On a recent project I needed to take a random sample of items from a large data source that was too big to contain in memory. As the whole set of data couldn't be kept in memory, usual sampling techniques wouldn't work.

The solution to this problem is called Reservoir Sampling and allows us to choose k samples from a list of N items in O(N) time.

To begin with we fill an array (the reservoir) with k items from our data source (items[0..k-1]). Then we iterate from the (k+1)th element to the nth element generating a random number r between 0 and the current item index. If r is in the reservoir range [0..k-1] then we replace the rth item of the reservoir with items[index].
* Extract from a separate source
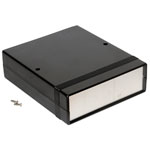 Hammond 1598CBK Instrument Enclosure FRABS 180x155x52mm Flame Retardant Black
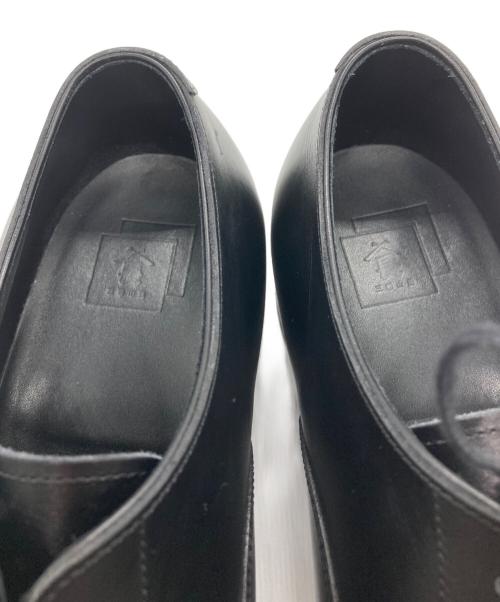 三陽山長（サンヨウヤマチョウ）三陽山長 (サンヨウヤマチョウ) 友二郎/ストレートチップ/レザーシューズ ブラック サイズ:７　2/1の古着・服飾アイテム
Below is an example of reservoir sampling written in PHP, not really the correct usage as our data source is already in memory, but it's an implementation of the algorithm nevertheless.

Reservoir Sampling example in PHP

<?php

$dataSize = 1000;
$data = [];

// Populate data with $dataSize random integers

for($i = 0; $i < $dataSize; $i++) {
    $data[] = $i;
}

// Take sample of size $k from $data
// Samples stored in $result

$k = 10;
$result = [];

// Create reservoir

for($i = 0; $i < $k; $i++) 
  $result[$i] = $data[$i];

// Iterate from the (k+1)th to the nth element and 
// replace elements in reservoir with a decreasing probability

for(; $i < $dataSize; $i++) {

  $r = (int) rand(0, $i);
  if($r < $k) {
    $result[$r] = $data[$i];
  }
}

echo implode(' - ',$result)."\n";